The Indian markets suffered a huge disappointment in last session, with major indices losing over one and half a percent after the RBI in an unexpected move, hiked the Repo rate by 25 basis points in its effort to rein inflation. Today, the start of the F&O expiry week is likely to remain cautious but bouts of volatility is surely to be witnessed with the market’s surge followed by sell-off in last week and expectation of another repo rate hike in offing. Traders will remain concerned with Fitch Ratings cutting its growth forecast for India in 2013-14 to 4.8%, from its earlier estimate of 5.7%. Also, there is report that foreign direct investment (FDI) inflows into the services sector, which contributes over 60 percent to India’s GDP, declined by 36.5% year-on-year to $1.02 billion during the April-July period. However, there will be some respite too, as according to an Assocham study, the non-oil trade deficit in the current financial year is likely to be much lower at $65-72 billion as against the $81.8 billion in 2012-13 on account of curbs on gold imports. There will be buzz in the power sector too, as the Power Ministry has proposed to pool prices of imported and domestically produced natural gas to be supplied to power plants stranded by a drop in production of the fuel from Reliance Industries’ KG-D6 block.
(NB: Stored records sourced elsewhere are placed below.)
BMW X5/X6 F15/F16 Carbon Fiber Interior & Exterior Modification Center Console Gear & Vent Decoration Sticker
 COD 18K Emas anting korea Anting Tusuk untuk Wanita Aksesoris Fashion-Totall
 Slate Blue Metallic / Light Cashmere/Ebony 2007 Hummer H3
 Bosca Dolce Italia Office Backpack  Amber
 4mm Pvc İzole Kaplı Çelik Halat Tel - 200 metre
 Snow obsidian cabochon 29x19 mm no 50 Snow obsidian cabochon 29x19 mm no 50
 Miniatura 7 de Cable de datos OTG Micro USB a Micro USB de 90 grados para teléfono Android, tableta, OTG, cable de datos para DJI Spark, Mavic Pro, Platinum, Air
The US markets turned lower in last session on the looming uncertainty about the time of Fed’s tapering. Though, the Asian markets have made a mixed start and the Chinese market was trading higher after a flash measure of the country’s manufacturing jumped more than forecast, however some of the indices are closed unable to give clear signals.

Back home, Indian equity benchmarks lost half of their gains garnered in previous session with benchmarks ending with a cut of over one and a half percent after Reserve Bank of India’s (RBI) newly appointed governor delivered a shocker to the markets by hiking repo rate. Earlier, the markets traded cautiously near their neutral line ahead of the RBI’s monetary policy but markets witnessed a steep fall to breach their crucial 20,100 (Sensex) and 5,950 (Nifty) levels post policy announcement, as RBI stunned the market by hiking repo rate by 25 basis points to 7.5% citing inflationary pressures. The central bank also announced cut in MSF (Marginal Standing Facility) rate by 75 basis points to 9.5%. Further, Rajan reduced the minimum daily maintenance of the cash reserve ratio (CRR) from 99% of the requirement to 95% effective from the fortnight beginning September 21, 2013, while keeping the CRR unchanged at 4.0%. Though, bourses pared substantial losses and managed to close above their crucial 20,250 (Sensex) and 6,000 (Nifty) bastions as new governor’s reiteration that growth will not be impacted with the 25 basis point hike in the repo rate due to the number of reforms taken up in the recent past to improve investment sentiment, aided to recovery. The lower levels attracting investors, keen to enter the markets, also minimized the damage up to certain extent. Global cues too remained choppy as most of the Asian equity markets, of the few opened, shut shop in the red with investors trading cautiously after the last session’s strong up-move. Back home, sentiments also remained subdued after Indian rupee depreciated against dollar in early deals. Rupee was at 62.28 against the dollar compared to last closing level of 61.77/dollar. Meanwhile, rate sensitive’s remained the most affected, as Realty index tanked around 7% and the banking index was down by over 4% on concerns that margins would further come under pressure on account of high borrowing costs. Bucking the trend, some stocks related to textile and apparel industry remained on the buyers’ radar as Apparel Export Promotion Council (AEPC) has reported that the industry is witnessing an upswing and the exports are likely to go up from $13 billion last year to $17 billion in the next two years on the back of economic recovery in the US and Europe. Finally, the BSE Sensex plunged by 382.93 points or 1.85%, to settle at 20263.71, while the CNX Nifty declined by 103.45 points or 1.69% to settle at 6,012.10.